If `FEAT_SME` is available on deployment target, environment variable `GGML_KLEIDIAI_SME` can be used to
toggle the use of SME kernels during execution. For example:
```shell
GGML_KLEIDIAI_SME=1 ./build/bin/llama-cli -m resources_downloaded/models/model.gguf -t 1 -p "What is a car?"
```
To run without invoking SME kernels, set `GGML_KLEIDIAI_SME=0` during execution:
```shell
GGML_KLEIDIAI_SME=0 ./build/bin/llama-cli -m resources_downloaded/models/model.gguf -t 1 -p "What is a car?"
```
> **NOTE**: In some cases, it may be desirable to build a statically linked executable. For llama.cpp backend
> this can be done by adding these configuration parameters to the CMake command for Clang or GNU toolchains:
> ```shell
> -DCMAKE_EXE_LINKER_FLAGS="-static" \
> -DGGML_OPENMP=OFF
> ```
#### Native host build
```shell
cmake -B build --preset=native-release-with-tests
cmake --build ./build
```
## Building and running tests
To build and test for native host machine:
```shell
cmake -B build --preset=native-release-with-tests
cmake --build ./build
ctest --test-dir ./build
```
This should produce something like:
```shell
Internal ctest changing into directory: /home/user/llm/build
Test project /home/user/llm/build
Start 1: llm-cpp-ctest
1/2 Test #1: llm-cpp-ctest .................... Passed 4.16 sec
Start 2: llama-jni-ctest
2/2 Test #2: llama-jni-ctest .................. Passed 3.25 sec
100% tests passed, 0 tests failed out of 2
Total Test time (real) = 7.41 sec
```
Even when cross-compiling, the test binaries can be copied to the target system and executed.
## To build an executable
To build a standalone application add the configuration option `-DBUILD_EXECUTABLE=ON` to any of the build
commands above.
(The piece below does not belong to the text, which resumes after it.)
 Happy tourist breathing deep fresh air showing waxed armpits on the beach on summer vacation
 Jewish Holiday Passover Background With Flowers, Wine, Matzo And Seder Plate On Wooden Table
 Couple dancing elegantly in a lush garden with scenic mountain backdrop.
For example:
On Aarch-64
```shell
cmake -B build \
--preset=elinux-aarch64-release-with-tests \
-DCMAKE_C_FLAGS=-march=armv8.2-a+dotprod+i8mm \
-DCMAKE_CXX_FLAGS=-march=armv8.2-a+dotprod+i8mm \
-DBUILD_EXECUTABLE=ON
cmake --build ./build
Or on x86 (No Kleidi Acceleration)
```shell
cmake -B build \
--preset=native-release-with-tests \
-DBUILD_EXECUTABLE=ON
cmake --build ./build
```
You can run either executable from command line and add your prompt for example the following:
```
./build/bin/llama-cli -m resources_downloaded/models/model.gguf --prompt "What is the capital of France"
```
More information can be found at `llama.cpp/examples/main/README.md` on how this executable can be run.
## Trademarks
* Arm® and KleidiAI™ are registered trademarks or trademarks of Arm® Limited (or its subsidiaries) in the US and/or
elsewhere.
* Android™ is a trademark of Google LLC.
## License
This project is distributed under the software licenses in [LICENSES](LICENSES) directory.